Et donc vous voyez que ça pose des problèmes absolument gigantesques, à la fois de liberté d’expression et aussi de liberté économique. C’est-à-dire que ce qui fait aujourd’hui qu’on a Airbnb, Google, Facebook ou autres, c’est précisément parce que le réseau était ouvert et que ces petites start-ups, qui étaient toutes petites, elles se sont battues à armes avec les géants de l’époque des télécoms et elles ont gagné. La neutralité du Net, si elle n’était pas là, elle ne permettrait pas au futur Google, au futur Facebook de demain d’émerger.

Journaliste : Et en même temps les fournisseurs d’accès répondent : « Ça nous permettra d’avoir davantage de moyens pour innover, pour améliorer aussi ce qu’on propose. »

Benoît Thieulin : Oui, mais si vous voulez il y a d’autres moyens de faire en sorte que les opérateurs télécoms puissent s’y retrouver économiquement et puissent, par ailleurs, investir dans, par exemple, le très haut débit.

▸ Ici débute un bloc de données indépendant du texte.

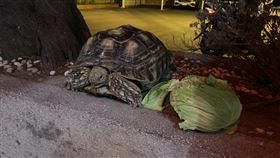 象龜,竹北,離家出走,（圖／翻攝畫面）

Si vous regardez quand même, très honnêtement en Europe, on a beaucoup d’investissement ces dernières années et pour autant on avait la neutralité d’Internet puisque, comme vous le savez, en Europe depuis maintenant plusieurs années, la neutralité du Net est protégée. Donc on trouve ça un peu paradoxal que, alors même qu’il y a beaucoup d’investissements télécoms en Europe, on dise aux États-Unis on va l’abroger parce qu’il faut donner un peu d’oxygène aux opérateurs américains.

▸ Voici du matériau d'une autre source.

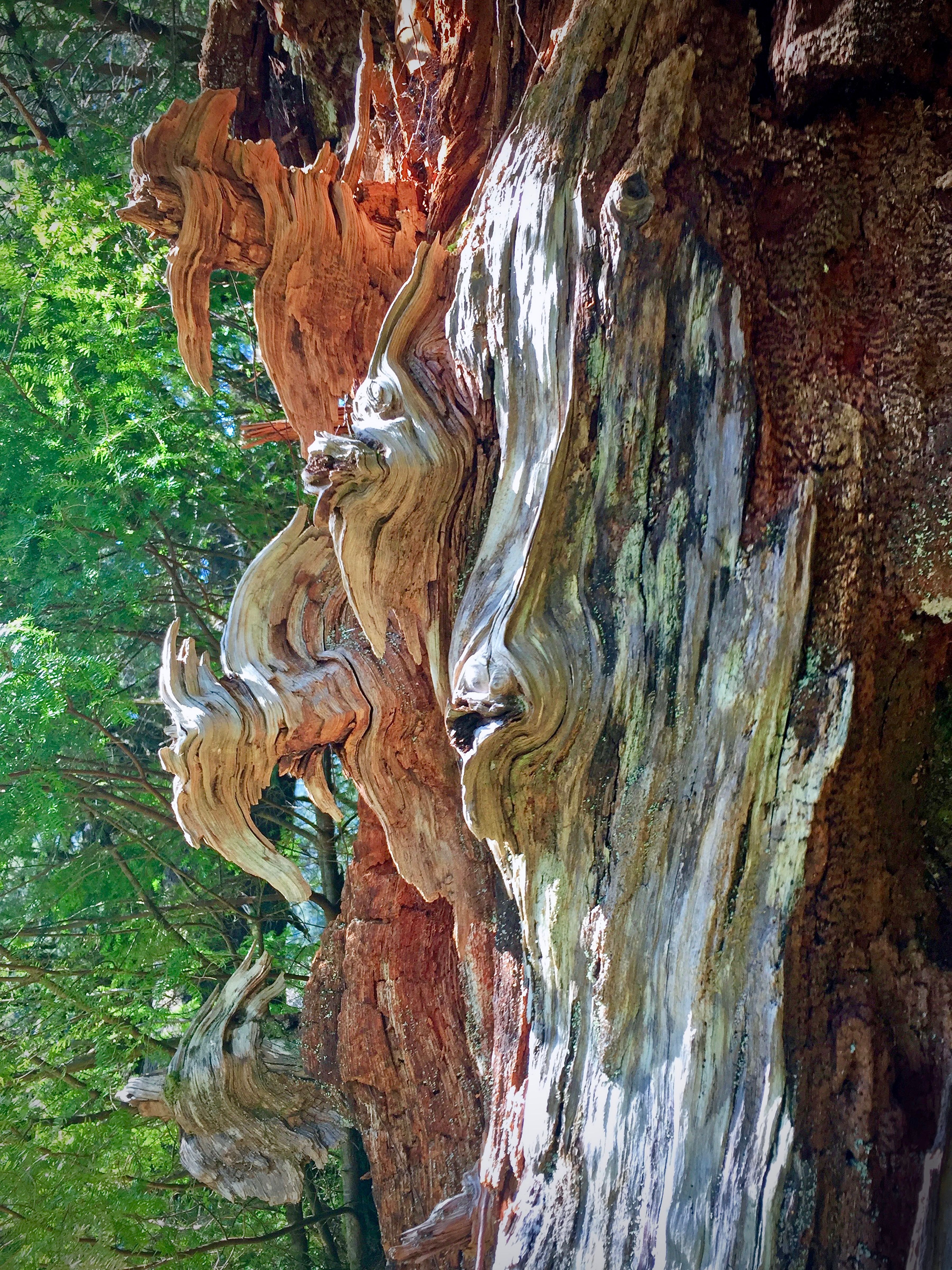 Marilyn Lee - " Closeup of Red Cedar Stump, Ward Lake"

Journaliste : Ça veut dire concrètement qu’en France ce principe ne peut pas être remis en cause ?

Benoît Thieulin : Il ne peut pas être remis en cause. Il est doublement protégé et par le droit européen et par le droit français puisque, dans la Loi pour une République numérique, la neutralité du Net a été inscrite dans le droit.

Journaliste : Merci beaucoup pour toutes vos précisions en tout cas Benoît Thieulin directeur de l’innovation du groupe Open, ancien président du Conseil national du numérique.